Stored records
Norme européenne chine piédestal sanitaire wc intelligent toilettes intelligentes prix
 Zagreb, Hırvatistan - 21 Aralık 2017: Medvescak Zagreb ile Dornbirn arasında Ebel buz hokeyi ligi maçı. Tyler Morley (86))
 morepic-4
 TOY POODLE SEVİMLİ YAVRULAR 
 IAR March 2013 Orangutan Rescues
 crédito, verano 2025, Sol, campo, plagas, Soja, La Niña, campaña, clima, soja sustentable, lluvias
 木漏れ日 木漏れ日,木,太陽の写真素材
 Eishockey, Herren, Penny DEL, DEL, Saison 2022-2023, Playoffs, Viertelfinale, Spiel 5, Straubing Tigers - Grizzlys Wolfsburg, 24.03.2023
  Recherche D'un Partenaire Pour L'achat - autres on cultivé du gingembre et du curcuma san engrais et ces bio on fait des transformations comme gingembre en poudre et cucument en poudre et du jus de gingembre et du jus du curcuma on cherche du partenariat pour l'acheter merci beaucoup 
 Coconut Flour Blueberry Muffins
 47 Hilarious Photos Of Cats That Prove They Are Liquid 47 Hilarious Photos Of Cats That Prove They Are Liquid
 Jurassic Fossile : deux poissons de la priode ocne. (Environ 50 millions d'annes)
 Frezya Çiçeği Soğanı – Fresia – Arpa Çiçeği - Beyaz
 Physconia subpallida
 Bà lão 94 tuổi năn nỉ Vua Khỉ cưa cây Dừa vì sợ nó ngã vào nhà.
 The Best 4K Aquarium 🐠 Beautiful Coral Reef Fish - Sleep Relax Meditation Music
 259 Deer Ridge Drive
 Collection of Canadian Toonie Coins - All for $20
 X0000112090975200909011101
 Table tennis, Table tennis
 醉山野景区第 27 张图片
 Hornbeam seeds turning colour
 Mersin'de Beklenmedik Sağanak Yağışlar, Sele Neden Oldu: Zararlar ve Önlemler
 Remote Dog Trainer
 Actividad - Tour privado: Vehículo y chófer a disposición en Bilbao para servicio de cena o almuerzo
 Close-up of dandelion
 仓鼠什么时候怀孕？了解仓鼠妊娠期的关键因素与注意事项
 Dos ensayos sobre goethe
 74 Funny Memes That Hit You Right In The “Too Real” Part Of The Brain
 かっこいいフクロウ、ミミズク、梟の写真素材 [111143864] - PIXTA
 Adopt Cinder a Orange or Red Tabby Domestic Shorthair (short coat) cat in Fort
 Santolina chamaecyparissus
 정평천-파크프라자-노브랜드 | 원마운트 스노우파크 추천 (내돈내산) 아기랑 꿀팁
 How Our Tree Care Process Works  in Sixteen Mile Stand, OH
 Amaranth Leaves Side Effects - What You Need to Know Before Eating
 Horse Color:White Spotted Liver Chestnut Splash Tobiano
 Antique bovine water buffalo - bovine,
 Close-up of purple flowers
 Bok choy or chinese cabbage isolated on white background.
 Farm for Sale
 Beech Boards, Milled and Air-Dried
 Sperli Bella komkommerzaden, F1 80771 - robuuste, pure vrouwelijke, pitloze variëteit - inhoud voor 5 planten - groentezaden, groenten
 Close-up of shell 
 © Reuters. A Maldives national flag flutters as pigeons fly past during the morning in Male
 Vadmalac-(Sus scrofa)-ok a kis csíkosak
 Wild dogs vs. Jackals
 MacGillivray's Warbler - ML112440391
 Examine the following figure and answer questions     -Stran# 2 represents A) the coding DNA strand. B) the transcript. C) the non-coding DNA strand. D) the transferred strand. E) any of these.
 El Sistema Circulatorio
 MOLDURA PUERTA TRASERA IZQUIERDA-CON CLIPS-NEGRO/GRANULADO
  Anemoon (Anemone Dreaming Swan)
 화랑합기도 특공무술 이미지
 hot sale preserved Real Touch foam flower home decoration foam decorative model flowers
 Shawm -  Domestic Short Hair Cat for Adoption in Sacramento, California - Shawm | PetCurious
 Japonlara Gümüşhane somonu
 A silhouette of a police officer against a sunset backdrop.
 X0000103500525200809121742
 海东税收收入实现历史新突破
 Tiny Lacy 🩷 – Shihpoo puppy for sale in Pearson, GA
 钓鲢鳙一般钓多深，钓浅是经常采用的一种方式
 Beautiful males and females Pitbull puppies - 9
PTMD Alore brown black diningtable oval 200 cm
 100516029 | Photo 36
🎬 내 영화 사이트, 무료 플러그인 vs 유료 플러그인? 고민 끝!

EXERCISE GOAL
Each entry is to be returned in full, character for character.

REPLY
Norme européenne chine piédestal sanitaire wc intelligent toilettes intelligentes prix
 Zagreb, Hırvatistan - 21 Aralık 2017: Medvescak Zagreb ile Dornbirn arasında Ebel buz hokeyi ligi maçı. Tyler Morley (86))
 morepic-4
 TOY POODLE SEVİMLİ YAVRULAR 
 IAR March 2013 Orangutan Rescues
 crédito, verano 2025, Sol, campo, plagas, Soja, La Niña, campaña, clima, soja sustentable, lluvias
 木漏れ日 木漏れ日,木,太陽の写真素材
 Eishockey, Herren, Penny DEL, DEL, Saison 2022-2023, Playoffs, Viertelfinale, Spiel 5, Straubing Tigers - Grizzlys Wolfsburg, 24.03.2023
  Recherche D'un Partenaire Pour L'achat - autres on cultivé du gingembre et du curcuma san engrais et ces bio on fait des transformations comme gingembre en poudre et cucument en poudre et du jus de gingembre et du jus du curcuma on cherche du partenariat pour l'acheter merci beaucoup 
 Coconut Flour Blueberry Muffins
 47 Hilarious Photos Of Cats That Prove They Are Liquid 47 Hilarious Photos Of Cats That Prove They Are Liquid
 Jurassic Fossile : deux poissons de la priode ocne. (Environ 50 millions d'annes)
 Frezya Çiçeği Soğanı – Fresia – Arpa Çiçeği - Beyaz
 Physconia subpallida
 Bà lão 94 tuổi năn nỉ Vua Khỉ cưa cây Dừa vì sợ nó ngã vào nhà.
 The Best 4K Aquarium 🐠 Beautiful Coral Reef Fish - Sleep Relax Meditation Music
 259 Deer Ridge Drive
 Collection of Canadian Toonie Coins - All for $20
 X0000112090975200909011101
 Table tennis, Table tennis
 醉山野景区第 27 张图片
 Hornbeam seeds turning colour
 Mersin'de Beklenmedik Sağanak Yağışlar, Sele Neden Oldu: Zararlar ve Önlemler
 Remote Dog Trainer
 Actividad - Tour privado: Vehículo y chófer a disposición en Bilbao para servicio de cena o almuerzo
 Close-up of dandelion
 仓鼠什么时候怀孕？了解仓鼠妊娠期的关键因素与注意事项
 Dos ensayos sobre goethe
 74 Funny Memes That Hit You Right In The “Too Real” Part Of The Brain
 かっこいいフクロウ、ミミズク、梟の写真素材 [111143864] - PIXTA
 Adopt Cinder a Orange or Red Tabby Domestic Shorthair (short coat) cat in Fort
 Santolina chamaecyparissus
 정평천-파크프라자-노브랜드 | 원마운트 스노우파크 추천 (내돈내산) 아기랑 꿀팁
 How Our Tree Care Process Works  in Sixteen Mile Stand, OH
 Amaranth Leaves Side Effects - What You Need to Know Before Eating
 Horse Color:White Spotted Liver Chestnut Splash Tobiano
 Antique bovine water buffalo - bovine,
 Close-up of purple flowers
 Bok choy or chinese cabbage isolated on white background.
 Farm for Sale
 Beech Boards, Milled and Air-Dried
 Sperli Bella komkommerzaden, F1 80771 - robuuste, pure vrouwelijke, pitloze variëteit - inhoud voor 5 planten - groentezaden, groenten
 Close-up of shell 
 © Reuters. A Maldives national flag flutters as pigeons fly past during the morning in Male
 Vadmalac-(Sus scrofa)-ok a kis csíkosak
 Wild dogs vs. Jackals
 MacGillivray's Warbler - ML112440391
 Examine the following figure and answer questions     -Stran# 2 represents A) the coding DNA strand. B) the transcript. C) the non-coding DNA strand. D) the transferred strand. E) any of these.
 El Sistema Circulatorio
 MOLDURA PUERTA TRASERA IZQUIERDA-CON CLIPS-NEGRO/GRANULADO
  Anemoon (Anemone Dreaming Swan)
 화랑합기도 특공무술 이미지
 hot sale preserved Real Touch foam flower home decoration foam decorative model flowers
 Shawm -  Domestic Short Hair Cat for Adoption in Sacramento, California - Shawm | PetCurious
 Japonlara Gümüşhane somonu
 A silhouette of a police officer against a sunset backdrop.
 X0000103500525200809121742
 海东税收收入实现历史新突破
 Tiny Lacy 🩷 – Shihpoo puppy for sale in Pearson, GA
 钓鲢鳙一般钓多深，钓浅是经常采用的一种方式
 Beautiful males and females Pitbull puppies - 9
PTMD Alore brown black diningtable oval 200 cm
 100516029 | Photo 36
🎬 내 영화 사이트, 무료 플러그인 vs 유료 플러그인? 고민 끝!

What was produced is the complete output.